Around that table, before new ground was broken, a group of people gathered to discuss how they could work together to make the building as impressive – and as green – as possible. The University of Toledo arena project began with collaboration among an architect, a mechanical engineer, a civil engineer, an electrical engineer, a lighting designer, an acoustician, an interior design team and others. If those people could work cohesively from the get-go, university administrators decided, the building had a better chance for Leadership in Energy and Environmental Design (LEED) Certification from the U.S. Green Building Council (USGBC).
LEED is a third-party certification program and the nationally accepted benchmark for the design, construction and operation of high-performance green buildings. The program, which recently announced a new ratings system (LEED v4), promotes a holistic, whole-building approach to sustainability. It recognizes performance in five key areas of human and environmental health: sustainable site development, water savings, energy efficiency, materials selection and indoor environmental quality.
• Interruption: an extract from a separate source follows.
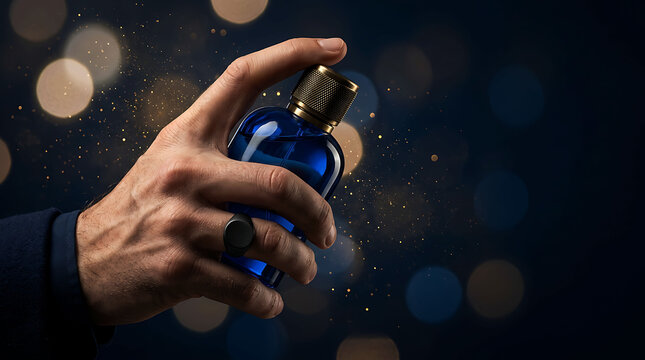Man spraying luxury blue cologne or perfume on dark festive holiday background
Nationwide, more than 900 buildings are now LEED-certified. One of them is the Owens Corning headquarters in downtown Toledo, where Gayle Tedhams works as the firm’s director of sustainability. She and her team aim to get Owens Corning materials specified during the beginning phases of building design and construction projects, and the company’s products contributed to LEED points earned by the John F. Savage Arena.
“Even before the design phase of a project, it’s effective to have everyone playing from the same pages of the book,” Tedhams says. “In the composites industry, if you can help a designer, builder or general contractor meet LEED requirements and explain how you can do that from the outset, you’ll have a much better chance of being specified for a project. It’s a big competitive advantage when any company can help building officials meet their sustainability goals.”
A stated goal at the University of Toledo for the past several years has been to achieve at least a LEED Silver rating for all construction projects, which equates to 50 LEED points. (Material & Resources, the category most relevant to composites firms, account for up to 13 of those points.
The arena renovation and expansion went beyond that mark, achieving a LEED Gold rating, the second-highest certification in the four-tier system.